It's my portfolio right now. There are projects here that I have been working on in my studies, courses, inspirations, and other reasons.
Each project is in a different folder, and here are brief descriptions about them.
Projects developed during the Data Science Academy course.
The analysis of socioeconomic data is essential for any company to understand the social and economic scenario for the business environment, understand the difference between regions, cities and countries, the influence of indicators on customers purchasing decisions and how changes in the scenario can impact corporate strategies.
In this project I analyzed real data of socioeconomic indicators from different countries, in a time series. The most important work was the data munging, where I used imputation techniques such as Last and Next Observation Carried Forward (LOCF and NOCF) and replacement by the average data of the region of the year. Using the dplyr and ggplot2 libraries, I answered five questions through the data.
Using data from a national hospital cost survey conducted by the USAgency for Healthcare consisting of hospital records of inpatient samples, I answered 17 business questions using SQL and R language.
Among the techniques used to answer the questions are: ANOVA test and linear regression analysis.
The data provided are restricted to the city of Wisconsin and refer to patients aged 0 to 17 years.
Using a mass of dummy data created in code, to have a controlled environment, I show my skills by explaining not only how the variables arrived at the result in the model, but also why. For this, I use the h2o library to create a series of Machine Learning models using AutoML and, from the best model, I analyze the SHAP values of each variable.

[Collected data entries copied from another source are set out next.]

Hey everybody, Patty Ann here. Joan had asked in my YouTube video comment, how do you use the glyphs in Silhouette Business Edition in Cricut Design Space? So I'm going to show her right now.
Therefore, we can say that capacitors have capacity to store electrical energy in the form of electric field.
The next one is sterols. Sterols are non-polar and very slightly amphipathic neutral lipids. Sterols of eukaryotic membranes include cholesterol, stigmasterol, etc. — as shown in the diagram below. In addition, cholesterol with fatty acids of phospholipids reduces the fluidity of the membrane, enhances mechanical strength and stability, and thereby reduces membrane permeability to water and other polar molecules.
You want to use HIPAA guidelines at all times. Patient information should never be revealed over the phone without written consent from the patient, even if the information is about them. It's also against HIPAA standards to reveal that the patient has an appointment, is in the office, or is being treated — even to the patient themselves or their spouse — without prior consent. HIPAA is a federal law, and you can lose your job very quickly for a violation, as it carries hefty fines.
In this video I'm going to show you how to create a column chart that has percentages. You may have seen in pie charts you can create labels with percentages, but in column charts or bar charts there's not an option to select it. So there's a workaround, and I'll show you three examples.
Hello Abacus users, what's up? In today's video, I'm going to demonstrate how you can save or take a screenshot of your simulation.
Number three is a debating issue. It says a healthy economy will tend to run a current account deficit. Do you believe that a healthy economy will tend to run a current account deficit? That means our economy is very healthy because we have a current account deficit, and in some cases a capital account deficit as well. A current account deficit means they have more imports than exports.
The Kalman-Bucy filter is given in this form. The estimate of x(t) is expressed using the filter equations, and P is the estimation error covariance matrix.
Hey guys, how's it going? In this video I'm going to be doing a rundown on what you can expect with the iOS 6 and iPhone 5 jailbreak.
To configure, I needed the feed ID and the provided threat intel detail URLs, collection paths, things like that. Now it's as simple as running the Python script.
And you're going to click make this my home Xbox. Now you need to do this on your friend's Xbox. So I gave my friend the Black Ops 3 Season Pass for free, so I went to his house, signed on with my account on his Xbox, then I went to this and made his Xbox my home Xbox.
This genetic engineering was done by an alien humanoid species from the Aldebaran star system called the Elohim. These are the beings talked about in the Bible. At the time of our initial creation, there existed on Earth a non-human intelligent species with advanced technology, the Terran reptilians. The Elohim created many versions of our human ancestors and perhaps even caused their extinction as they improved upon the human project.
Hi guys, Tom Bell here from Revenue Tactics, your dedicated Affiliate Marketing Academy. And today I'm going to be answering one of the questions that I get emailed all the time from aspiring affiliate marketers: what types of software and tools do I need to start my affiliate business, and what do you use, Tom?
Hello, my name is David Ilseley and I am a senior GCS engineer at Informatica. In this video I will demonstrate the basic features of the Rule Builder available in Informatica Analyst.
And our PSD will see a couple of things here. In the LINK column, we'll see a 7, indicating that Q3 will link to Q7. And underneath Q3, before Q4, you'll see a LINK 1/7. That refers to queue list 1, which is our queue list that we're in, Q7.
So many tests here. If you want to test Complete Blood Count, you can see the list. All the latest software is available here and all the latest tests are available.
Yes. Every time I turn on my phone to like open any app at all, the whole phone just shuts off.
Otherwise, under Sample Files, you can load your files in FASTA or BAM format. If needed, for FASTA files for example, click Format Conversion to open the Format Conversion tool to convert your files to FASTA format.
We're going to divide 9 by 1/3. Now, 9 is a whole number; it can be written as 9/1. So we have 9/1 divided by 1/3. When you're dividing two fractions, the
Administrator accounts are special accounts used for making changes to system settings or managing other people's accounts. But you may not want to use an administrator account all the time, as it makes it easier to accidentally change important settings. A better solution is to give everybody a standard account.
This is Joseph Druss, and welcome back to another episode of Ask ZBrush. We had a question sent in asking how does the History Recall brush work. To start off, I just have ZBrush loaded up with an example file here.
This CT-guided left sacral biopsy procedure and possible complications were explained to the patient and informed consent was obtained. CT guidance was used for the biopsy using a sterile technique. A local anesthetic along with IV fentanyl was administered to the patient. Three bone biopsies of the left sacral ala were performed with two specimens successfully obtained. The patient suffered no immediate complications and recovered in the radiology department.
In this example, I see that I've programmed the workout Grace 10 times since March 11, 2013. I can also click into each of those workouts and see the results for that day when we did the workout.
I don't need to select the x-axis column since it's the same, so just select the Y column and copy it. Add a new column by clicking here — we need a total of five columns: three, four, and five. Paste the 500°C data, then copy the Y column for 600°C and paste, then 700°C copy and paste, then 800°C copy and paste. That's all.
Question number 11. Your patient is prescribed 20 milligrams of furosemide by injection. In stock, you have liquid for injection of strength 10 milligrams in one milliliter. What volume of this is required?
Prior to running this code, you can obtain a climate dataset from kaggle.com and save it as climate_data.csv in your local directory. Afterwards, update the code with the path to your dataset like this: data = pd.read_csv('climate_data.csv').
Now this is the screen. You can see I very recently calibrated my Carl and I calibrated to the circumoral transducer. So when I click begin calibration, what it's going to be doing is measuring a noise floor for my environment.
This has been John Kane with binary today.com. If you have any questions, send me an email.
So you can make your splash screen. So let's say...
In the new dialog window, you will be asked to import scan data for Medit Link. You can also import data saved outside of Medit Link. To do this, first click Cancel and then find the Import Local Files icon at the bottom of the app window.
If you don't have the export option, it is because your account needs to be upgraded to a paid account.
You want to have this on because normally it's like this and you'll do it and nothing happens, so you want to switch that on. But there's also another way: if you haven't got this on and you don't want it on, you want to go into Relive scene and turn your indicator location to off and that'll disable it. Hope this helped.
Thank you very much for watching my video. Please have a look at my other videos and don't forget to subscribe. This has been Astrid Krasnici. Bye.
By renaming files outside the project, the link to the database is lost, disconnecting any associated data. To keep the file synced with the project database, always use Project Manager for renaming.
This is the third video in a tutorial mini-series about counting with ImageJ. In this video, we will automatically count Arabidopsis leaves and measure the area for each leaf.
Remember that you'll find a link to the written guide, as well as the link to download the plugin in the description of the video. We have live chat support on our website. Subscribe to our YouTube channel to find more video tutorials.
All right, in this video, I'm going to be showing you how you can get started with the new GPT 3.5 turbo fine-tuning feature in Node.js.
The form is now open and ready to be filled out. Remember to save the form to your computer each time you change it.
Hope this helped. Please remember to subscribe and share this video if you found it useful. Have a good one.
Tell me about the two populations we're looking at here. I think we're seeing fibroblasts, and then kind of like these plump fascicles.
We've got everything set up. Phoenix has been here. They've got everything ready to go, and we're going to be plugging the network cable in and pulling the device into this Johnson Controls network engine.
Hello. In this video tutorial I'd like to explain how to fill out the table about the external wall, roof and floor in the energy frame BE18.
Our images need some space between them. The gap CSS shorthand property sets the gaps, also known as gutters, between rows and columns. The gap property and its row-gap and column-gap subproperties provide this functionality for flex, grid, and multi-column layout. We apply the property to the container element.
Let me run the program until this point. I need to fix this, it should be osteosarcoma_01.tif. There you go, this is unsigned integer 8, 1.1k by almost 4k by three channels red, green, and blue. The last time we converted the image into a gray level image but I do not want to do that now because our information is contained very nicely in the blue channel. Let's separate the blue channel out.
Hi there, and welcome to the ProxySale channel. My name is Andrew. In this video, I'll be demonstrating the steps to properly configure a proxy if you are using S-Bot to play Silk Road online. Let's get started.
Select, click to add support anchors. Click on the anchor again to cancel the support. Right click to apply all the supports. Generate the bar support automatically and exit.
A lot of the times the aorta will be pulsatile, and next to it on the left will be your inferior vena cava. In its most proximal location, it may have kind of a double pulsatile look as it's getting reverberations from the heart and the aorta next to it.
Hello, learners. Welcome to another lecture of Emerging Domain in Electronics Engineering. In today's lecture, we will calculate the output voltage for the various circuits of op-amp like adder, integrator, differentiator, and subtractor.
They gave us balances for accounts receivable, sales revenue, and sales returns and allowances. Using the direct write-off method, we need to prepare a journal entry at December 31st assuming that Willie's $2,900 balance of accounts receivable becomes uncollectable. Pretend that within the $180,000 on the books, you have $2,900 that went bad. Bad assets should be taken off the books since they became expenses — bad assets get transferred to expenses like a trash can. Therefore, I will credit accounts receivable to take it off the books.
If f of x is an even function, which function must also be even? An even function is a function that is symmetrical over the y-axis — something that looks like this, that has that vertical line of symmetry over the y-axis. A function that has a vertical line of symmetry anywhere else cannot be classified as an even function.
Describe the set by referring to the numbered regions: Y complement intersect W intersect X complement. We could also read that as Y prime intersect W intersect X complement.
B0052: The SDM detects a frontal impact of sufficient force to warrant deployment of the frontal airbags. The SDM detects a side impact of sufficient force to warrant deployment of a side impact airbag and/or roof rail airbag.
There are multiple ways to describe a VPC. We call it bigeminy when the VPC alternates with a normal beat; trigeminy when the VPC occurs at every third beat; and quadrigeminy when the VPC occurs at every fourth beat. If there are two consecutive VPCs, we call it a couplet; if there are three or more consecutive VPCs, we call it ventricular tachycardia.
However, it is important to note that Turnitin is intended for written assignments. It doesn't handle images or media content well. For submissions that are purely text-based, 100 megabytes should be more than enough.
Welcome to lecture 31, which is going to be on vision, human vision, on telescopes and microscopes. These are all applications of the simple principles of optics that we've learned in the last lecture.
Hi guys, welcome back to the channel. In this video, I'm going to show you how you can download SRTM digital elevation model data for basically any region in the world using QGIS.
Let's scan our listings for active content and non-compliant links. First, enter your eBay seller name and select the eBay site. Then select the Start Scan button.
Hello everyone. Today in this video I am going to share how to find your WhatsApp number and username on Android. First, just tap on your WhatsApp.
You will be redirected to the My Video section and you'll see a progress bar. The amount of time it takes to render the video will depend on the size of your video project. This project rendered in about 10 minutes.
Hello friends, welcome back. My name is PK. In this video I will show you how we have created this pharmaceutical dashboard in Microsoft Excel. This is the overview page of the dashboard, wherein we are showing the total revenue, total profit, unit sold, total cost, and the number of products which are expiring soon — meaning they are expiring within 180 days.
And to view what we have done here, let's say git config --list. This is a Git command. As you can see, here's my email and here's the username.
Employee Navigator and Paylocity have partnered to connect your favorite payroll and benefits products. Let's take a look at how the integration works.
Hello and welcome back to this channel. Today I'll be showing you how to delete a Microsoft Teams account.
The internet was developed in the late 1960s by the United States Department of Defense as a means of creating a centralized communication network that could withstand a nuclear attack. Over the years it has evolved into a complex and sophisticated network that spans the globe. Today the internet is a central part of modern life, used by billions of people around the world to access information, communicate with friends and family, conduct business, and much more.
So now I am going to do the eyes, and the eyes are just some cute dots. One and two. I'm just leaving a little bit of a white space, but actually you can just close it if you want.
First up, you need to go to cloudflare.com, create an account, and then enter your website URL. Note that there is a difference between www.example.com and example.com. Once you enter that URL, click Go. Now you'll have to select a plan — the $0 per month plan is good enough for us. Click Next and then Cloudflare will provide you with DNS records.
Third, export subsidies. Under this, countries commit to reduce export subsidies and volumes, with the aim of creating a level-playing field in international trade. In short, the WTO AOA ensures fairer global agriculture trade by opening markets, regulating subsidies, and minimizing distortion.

I answer only one, but extremely important, business question: What factors (metrics) most contribute to explain the behavior of the need for maintenance in a piece of equipment? Why?
Using the dataset "Dataset of electric passenger cars with their specifications", which contains publicly available real data, I built a Machine Learning model capable of predicting the energy consumption of electric vehicles based on several factors, such as price, the maximum speed of the vehicle, its weight, its load capacity, among other attributes.
This is my first project with real project characteristics: at the beginning, I insert the context of the project, the business question, how to solve it, what is the definition of done, and a report on the data, with reference, summary, the link to the data source and a data dictionary made with the help of ChatGPT (since it was not provided with the dataset). Afterwards, I carry out all the necessary processes to execute the project, such as handling the missing values, exploratory analysis, modifying metadata, developing and evaluating the Machine Learning models, fine-tuning the model and interpreting the final model.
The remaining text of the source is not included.